Does anyone have experience or knowledge of this kind of situation? Thanks so much.

OP posts:
IWantDogger · 16/01/2015 21:58

What a horrible situation for your family and your grandmother. You're right that this is not acceptable and I would take a very firm line with them about this.
They should have informed social services about this incident and there should be a 'safeguarding' investigation as your grandmother is a vulnerable adult. You should be invited to meetings and the home should produce a protection plan to say how they will safeguard your grandmother in future.
I would speak to the manager of the home and ask if they have informed social services. You could also speak to the safeguarding team at the local social services directly.

The alarm doesn't sound like it was successful in reducing the risk even before the batteries ran out. Some of the other measures the home could put in place could include one to one staffing for this man who clearly needs more supervision than he's been getting.

Good luck, your grandmother is lucky to have you to advocate for her and I would kick up a bit of a stink about this to ensure things improve.

RubbishRobotFromTheDawnOfTime · 16/01/2015 22:24

Thanks for answering IWantDogger. I think they probably haven't informed SS though I have told my DM that this should be done. As it happens my aunt and DM are having a meeting with the home management tomorrow as the management want to move my dgm to a different unit because her dementia is "not bad enough". We don't want this as it was hard enough for her to settle in to where she is now and we think a move would be bad for her. Also, why would she be not bad enough now when she's been there for a year and was assessed as being too advanced for the other unit initially? We suspect they have a resident in the main unit who has worsened and needs her space.

I think we need to use this meeting to push the issue of this man rather than discussing a move for dgm.

I agree he at least needs one to one staffing to monitor where he is and what he's doing at all times but it's gone on so long now that dgm would still be upset to have him there with her.

It's so hard Sad

OP posts:
RubbishRobotFromTheDawnOfTime · 17/01/2015 11:13

Is it reasonably to ask that he be moved? I don't see how else it could be resolved.

OP posts:
MyballsareSandy · 17/01/2015 11:20

How horrible for your poor GM, the home have a duty of care to protect her from this man and it sounds like he needs a more secure type of residential home.

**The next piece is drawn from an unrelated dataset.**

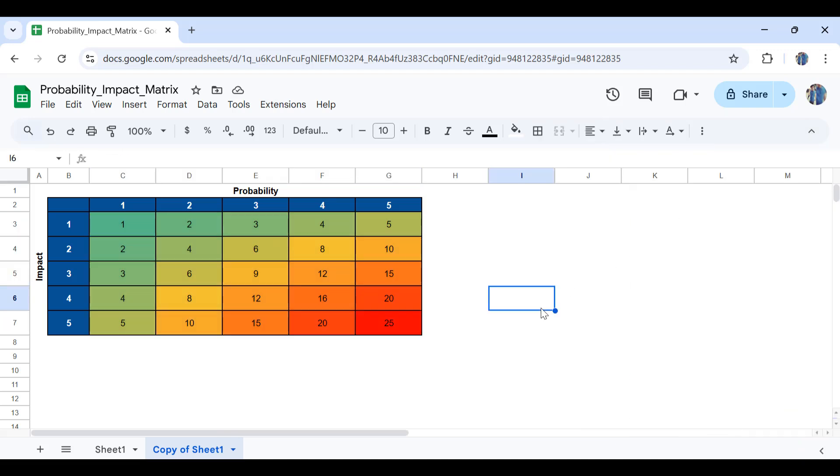You have a visually clean and neat probability and impact matrix for your project's risks, and this brings us to the end of our video.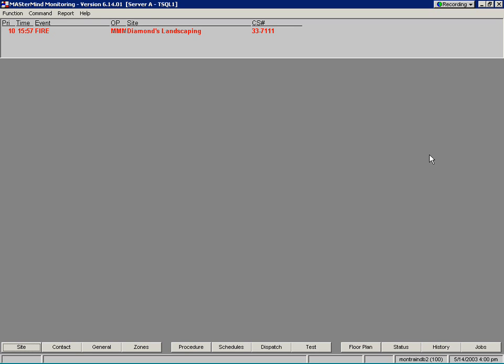Welcome to the WebEx demonstration of VoicePrint technology in Mastermind Monitoring. This technology can be used to record phone calls made by operators and can also be used to replay recorded conversations from the event history window.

My mum has dementia and is in a care home and she would be terribly distressed by something like this.

Good luck.

RubbishRobotFromTheDawnOfTime · 17/01/2015 13:48

Thanks Sandy. The meeting is today so hopefully they will agree they have to address this.

OP posts:
IWantDogger · 17/01/2015 15:53

It's so tricky because the other man also needs care somewhere. He should be managed better but sadly this type of behaviour (attempting to go in others rooms) is not uncommon for people with advanced dementia.
In all honesty, if it were me, I would want to be on the lowest support unit appropriate for me as in surrounded by others with less advanced dementia, although I see your point about unsettling your grandmother and them previously saying she wasn't suited to the other one. It's a toughy but she may benefit from being around people with less challenging behaviour and with whom she can converse more.